Now I'm not a trained nutritionist, nor am I a doctor. I would never recommend a single diet approach for everyone; everyone is unique and different people have different needs. Additionally, I would never claim that a simple change in diet can solve all health problems; bodies do sometimes just plain break, and need medical intervention to return to health. I've been on that side of health care, and I have nothing but respect for what modern science can do.
But I can tell you this: sometimes what we "know" to be true is just plain not correct. Maybe it's misinformation or misinterpretation of the information, but science doesn't always get it right. Sometimes old wisdom is worth a second glance; sometimes they knew more back then than we know right now. I can tell you that changing my diet - getting away from modern food and dietary wisdom and returning to old-timey ways - changed my life and health for the better. I am fitting into clothes I thought would never again see the light of day. I have lost 28 pounds and 4 dress sizes. I am more active, more energetic, and more respectful than ever at the simple but profound process of nourishing oneself; a process we Americans tend to view as a right rather than a privilege. And the funny thing is, I'm back where I started: picking the meat out of sandwiches, eating (homemade) peanut butter off of spoons and making a glass of milk a meal more often than not. Guess I was smarter about my eating habits back then than I thought I was!

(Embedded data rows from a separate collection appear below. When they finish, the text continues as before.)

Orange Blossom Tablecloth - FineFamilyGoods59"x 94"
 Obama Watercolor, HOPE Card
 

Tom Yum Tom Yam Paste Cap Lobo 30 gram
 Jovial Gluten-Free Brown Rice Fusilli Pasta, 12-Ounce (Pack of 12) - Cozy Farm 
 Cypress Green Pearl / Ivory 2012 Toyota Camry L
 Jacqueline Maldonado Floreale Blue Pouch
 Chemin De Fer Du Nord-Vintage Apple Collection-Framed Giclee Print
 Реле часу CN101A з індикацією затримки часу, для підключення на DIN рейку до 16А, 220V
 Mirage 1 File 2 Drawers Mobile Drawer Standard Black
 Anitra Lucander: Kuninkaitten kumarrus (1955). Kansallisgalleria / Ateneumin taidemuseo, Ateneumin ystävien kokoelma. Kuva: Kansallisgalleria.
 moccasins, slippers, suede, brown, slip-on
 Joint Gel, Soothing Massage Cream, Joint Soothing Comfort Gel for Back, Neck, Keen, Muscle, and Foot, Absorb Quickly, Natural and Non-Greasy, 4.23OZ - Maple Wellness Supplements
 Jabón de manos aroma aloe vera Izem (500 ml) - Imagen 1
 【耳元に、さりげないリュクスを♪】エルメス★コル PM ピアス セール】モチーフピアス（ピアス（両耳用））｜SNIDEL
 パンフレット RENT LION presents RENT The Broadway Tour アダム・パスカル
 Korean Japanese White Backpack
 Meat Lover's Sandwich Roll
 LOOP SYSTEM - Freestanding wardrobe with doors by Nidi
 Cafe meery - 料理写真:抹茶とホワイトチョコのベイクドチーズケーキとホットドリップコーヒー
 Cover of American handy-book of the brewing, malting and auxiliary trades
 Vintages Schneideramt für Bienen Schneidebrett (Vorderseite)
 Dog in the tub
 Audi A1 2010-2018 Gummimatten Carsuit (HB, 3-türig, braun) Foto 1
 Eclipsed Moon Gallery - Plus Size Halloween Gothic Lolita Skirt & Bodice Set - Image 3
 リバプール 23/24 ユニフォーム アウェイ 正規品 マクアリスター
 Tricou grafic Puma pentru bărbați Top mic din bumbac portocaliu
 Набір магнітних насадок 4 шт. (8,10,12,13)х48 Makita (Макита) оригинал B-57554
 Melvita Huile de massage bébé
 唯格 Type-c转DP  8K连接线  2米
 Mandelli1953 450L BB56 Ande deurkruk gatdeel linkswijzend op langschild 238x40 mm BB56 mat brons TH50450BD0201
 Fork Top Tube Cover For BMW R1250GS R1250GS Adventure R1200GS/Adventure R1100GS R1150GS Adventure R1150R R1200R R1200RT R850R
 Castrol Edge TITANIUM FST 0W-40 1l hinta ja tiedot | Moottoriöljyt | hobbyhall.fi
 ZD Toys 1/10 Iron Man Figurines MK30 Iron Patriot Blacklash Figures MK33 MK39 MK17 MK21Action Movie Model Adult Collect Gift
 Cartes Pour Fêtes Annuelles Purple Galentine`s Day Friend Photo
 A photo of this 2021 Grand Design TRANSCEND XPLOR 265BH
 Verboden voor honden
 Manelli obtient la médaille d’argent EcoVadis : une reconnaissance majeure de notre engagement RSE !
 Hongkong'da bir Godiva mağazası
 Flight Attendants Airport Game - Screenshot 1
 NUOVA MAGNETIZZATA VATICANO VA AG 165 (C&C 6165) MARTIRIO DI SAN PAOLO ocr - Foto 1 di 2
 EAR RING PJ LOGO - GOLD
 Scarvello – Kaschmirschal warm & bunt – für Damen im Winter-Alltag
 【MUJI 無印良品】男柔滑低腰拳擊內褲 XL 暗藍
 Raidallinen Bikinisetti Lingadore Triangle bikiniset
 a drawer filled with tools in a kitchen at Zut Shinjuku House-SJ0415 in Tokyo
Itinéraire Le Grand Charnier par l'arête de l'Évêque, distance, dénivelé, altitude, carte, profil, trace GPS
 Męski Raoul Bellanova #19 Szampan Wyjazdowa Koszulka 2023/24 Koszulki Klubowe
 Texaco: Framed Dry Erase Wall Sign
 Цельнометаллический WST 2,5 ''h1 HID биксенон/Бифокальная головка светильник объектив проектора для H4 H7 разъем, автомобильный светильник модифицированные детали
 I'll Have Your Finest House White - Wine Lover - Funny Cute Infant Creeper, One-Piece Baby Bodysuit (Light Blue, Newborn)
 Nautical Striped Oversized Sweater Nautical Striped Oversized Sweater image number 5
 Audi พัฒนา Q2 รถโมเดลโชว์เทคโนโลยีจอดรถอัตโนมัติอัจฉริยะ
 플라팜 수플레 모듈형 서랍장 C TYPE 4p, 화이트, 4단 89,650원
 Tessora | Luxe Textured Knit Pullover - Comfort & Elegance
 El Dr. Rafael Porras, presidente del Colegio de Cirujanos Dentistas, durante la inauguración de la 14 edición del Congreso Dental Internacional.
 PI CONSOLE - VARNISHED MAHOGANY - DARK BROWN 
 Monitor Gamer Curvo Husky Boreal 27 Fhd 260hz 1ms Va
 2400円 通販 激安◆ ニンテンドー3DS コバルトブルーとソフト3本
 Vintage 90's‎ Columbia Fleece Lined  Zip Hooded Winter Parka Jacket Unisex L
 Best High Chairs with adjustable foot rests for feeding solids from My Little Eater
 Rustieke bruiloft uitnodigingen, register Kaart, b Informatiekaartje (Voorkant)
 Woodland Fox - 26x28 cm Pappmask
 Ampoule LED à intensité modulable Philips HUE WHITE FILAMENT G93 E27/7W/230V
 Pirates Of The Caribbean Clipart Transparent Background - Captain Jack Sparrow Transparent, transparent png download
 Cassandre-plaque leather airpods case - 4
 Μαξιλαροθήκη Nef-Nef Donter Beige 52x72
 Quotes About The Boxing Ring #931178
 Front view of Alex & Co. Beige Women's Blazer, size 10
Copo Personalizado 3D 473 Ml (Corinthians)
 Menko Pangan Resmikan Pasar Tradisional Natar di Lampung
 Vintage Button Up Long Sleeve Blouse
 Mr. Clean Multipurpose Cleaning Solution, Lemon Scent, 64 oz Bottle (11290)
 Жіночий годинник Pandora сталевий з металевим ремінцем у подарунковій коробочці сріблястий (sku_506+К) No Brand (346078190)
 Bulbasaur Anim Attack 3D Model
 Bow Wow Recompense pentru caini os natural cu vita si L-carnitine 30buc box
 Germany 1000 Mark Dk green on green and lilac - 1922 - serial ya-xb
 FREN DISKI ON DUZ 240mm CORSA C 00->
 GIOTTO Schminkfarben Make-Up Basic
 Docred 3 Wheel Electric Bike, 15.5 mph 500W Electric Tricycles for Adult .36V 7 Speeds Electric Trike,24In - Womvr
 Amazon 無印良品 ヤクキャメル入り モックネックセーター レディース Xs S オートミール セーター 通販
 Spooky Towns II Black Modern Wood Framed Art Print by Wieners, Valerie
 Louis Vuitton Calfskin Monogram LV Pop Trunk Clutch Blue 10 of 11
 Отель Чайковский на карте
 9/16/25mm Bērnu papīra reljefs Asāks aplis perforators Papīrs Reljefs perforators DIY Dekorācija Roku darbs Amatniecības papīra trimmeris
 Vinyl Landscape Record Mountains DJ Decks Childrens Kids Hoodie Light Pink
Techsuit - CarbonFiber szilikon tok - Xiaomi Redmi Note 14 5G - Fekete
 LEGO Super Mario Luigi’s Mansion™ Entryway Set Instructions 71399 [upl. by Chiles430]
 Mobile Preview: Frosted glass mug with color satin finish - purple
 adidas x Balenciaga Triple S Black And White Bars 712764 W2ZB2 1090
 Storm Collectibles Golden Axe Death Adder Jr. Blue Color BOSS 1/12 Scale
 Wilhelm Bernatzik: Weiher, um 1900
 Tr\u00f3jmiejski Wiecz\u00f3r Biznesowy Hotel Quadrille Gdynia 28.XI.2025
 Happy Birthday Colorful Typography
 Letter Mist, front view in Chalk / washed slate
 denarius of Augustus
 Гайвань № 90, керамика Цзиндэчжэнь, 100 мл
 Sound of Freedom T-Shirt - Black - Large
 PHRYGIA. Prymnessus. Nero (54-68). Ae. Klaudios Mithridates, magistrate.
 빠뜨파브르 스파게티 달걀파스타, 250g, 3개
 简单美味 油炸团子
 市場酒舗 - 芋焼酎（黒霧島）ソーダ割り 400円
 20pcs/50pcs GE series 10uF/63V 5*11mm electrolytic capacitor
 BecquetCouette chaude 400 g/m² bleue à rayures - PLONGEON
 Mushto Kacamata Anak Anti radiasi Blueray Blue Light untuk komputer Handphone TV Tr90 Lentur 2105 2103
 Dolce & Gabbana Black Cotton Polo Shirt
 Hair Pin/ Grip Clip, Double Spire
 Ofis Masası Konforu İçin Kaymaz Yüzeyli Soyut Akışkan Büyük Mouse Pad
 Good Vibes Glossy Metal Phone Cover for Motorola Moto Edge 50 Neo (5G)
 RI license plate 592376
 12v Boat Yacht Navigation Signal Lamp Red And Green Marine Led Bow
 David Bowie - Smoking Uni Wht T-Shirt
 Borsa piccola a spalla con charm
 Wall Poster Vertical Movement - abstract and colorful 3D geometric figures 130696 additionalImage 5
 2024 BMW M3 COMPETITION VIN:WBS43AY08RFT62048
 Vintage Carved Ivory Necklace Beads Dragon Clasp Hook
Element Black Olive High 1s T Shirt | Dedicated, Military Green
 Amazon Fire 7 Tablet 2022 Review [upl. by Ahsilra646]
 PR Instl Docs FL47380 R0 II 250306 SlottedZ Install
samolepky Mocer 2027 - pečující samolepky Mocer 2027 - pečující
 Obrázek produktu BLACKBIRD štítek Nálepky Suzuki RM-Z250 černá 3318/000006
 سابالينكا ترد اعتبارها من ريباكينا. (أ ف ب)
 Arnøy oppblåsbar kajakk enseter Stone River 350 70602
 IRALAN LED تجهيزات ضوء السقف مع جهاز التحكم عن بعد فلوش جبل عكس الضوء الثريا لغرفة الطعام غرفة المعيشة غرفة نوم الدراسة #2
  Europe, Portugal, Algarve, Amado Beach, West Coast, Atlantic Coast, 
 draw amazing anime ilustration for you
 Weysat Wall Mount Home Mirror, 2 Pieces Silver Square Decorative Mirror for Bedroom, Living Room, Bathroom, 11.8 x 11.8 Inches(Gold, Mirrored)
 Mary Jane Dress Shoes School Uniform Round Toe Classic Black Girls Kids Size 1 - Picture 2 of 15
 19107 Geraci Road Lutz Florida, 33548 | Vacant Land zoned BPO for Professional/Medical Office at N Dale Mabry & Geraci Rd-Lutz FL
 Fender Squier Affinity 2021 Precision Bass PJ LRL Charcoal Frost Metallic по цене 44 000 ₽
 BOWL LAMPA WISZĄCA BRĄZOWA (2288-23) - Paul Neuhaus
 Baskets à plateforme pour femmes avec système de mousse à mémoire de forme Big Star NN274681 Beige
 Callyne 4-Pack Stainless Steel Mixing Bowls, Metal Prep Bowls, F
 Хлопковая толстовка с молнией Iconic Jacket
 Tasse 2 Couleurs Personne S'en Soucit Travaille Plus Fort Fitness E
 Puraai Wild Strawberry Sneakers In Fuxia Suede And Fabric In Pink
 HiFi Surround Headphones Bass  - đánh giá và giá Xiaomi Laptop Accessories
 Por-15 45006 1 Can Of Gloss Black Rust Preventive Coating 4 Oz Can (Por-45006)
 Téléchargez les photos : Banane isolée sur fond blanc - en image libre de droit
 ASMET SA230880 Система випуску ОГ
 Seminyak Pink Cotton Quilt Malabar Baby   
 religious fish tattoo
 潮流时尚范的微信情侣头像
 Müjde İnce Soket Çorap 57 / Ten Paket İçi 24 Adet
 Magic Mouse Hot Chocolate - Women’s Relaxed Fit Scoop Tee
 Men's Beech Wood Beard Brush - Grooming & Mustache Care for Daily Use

I know most people can't - or won't! - move to the country and start milking cows. Most people will never learn to slaughter their own chickens or can gallons of spaghetti sauce made from scratch. And that's OK! If all of us became farmers society would miss out on some great stuff. But I think the simple life deserves a respectful second chance. Already our society is realizing that produce bought from local Farmer's Markets are often of better quality than the grocery stores can offer, People are staring to take notice. I for one cannot emphasize enough that changing my approach to food has changed my life for the better in so many ways. I'm glad I didn't stick to modern wisdom; I'd be on the fast-track to diabetes and heart disease, ready to take my place amongst the pill-poppers of our society.
No thanks; I'll take my garlic-butter broccoli instead, thank you very much, with a side of bacon.